> [Assigned task] Begin your copy at the line that holds "高考政治总复习第二单元生产劳动与经营课时3投资理财的选择课件新人教版必修1" and carry it through the final line of the data, writing out each line exactly and omitting pictures.

> [Information shown]
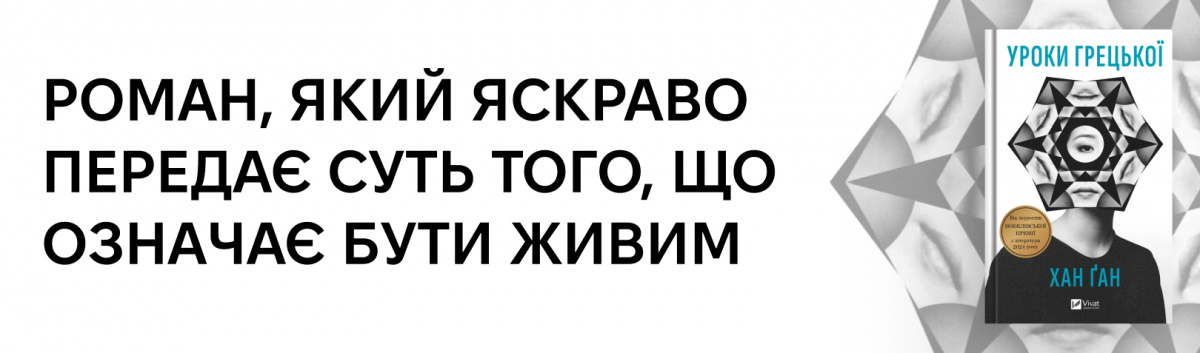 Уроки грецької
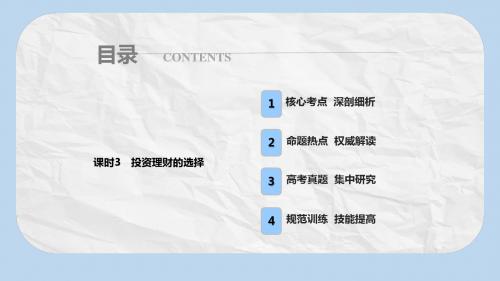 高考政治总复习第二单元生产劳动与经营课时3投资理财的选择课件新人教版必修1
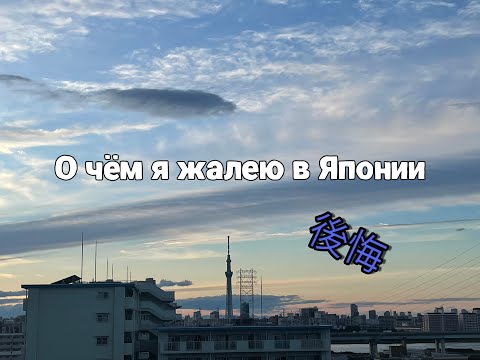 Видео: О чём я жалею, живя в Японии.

> [Task answer]
 高考政治总复习第二单元生产劳动与经营课时3投资理财的选择课件新人教版必修1
 Видео: О чём я жалею, живя в Японии.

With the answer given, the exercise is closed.